You'll meet people  I can't say that I'm a south type or a north type...I'm kinda a "when in Rome" type I guess. You can meet friends anywhere


----------



## Fern Modena (Jun 23, 2015)

Ah, dear, but it is all about the planning, and what you are willing to do to plan for your future. I was married in 1978, and lived in an apartment for the first few years. When we bought our first house, after about five years, we bought a smallish house an hour away from work because that was all we could afford. Many of my coworkers lived in closer houses, but they weren't paying child support. I chose to fall in love with a man who had four children by his "practice wife," and who was honorable enough to always support his children.

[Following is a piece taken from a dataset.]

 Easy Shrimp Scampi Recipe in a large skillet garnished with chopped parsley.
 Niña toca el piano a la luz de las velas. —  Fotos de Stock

From the first we did without, paying social security, pension deductions, paying into 457 accounts, bimonthly $100. savings bonds (for "someday when we could go to Europe." We spent five weeks there in 1999, including a cruise and two timeshare weeks), health and disability insurance, etc. My "take home" pay rarely exceeded my deductions.

When we moved here twelve years ago, we had to take a mortgage for part of the cost of our house, but we figured what we could afford before we decided to move. Moving from high cost California helped, once the courts decided that "source taxes" were illegal. Otherwise I don't know if we would have moved.

When housing was booming, many of our acquaintances began using their houses as their personal ATM's, re-fiing and taking money out several times. Then the economy crashed, and they were left with mortgages that were more than their houses were worth. Several people I knew walked away from their houses and left the state, going to live with children. I felt (somewhat) sorry for them, but it is poor planning to depend on your house prices to sustain such an increase.

Fern





mpumilia said:


> Yeah- well taxes weren't high back in 1977 when we got married and bought our first house- a handyman special- at age 21. Did not ever imagine them getting this high. We did a lot of things right, but who knew the economy in our area would change? We didn't have a crystal ball back then- wish we did!


----------



## WinniWoman (Jun 23, 2015)

Fern Modena said:


> Ah, dear, but it is all about the planning, and what you are willing to do to plan for your future. I was married in 1978, and lived in an apartment for the first few years. When we bought our first house, after about five years, we bought a smallish house an hour away from work because that was all we could afford. Many of my coworkers lived in closer houses, but they weren't paying child support. I chose to fall in love with a man who had four children by his "practice wife," and who was honorable enough to always support his children.
> 
> From the first we did without, paying social security, pension deductions, paying into 457 accounts, bimonthly $100. savings bonds (for "someday when we could go to Europe." We spent five weeks there in 1999, including a cruise and two timeshare weeks), health and disability insurance, etc. My "take home" pay rarely exceeded my deductions.
> 
> ...



I am the epidemy of a planner- OCD. That is why I never had any issues with exchanging our timeshare! LOL!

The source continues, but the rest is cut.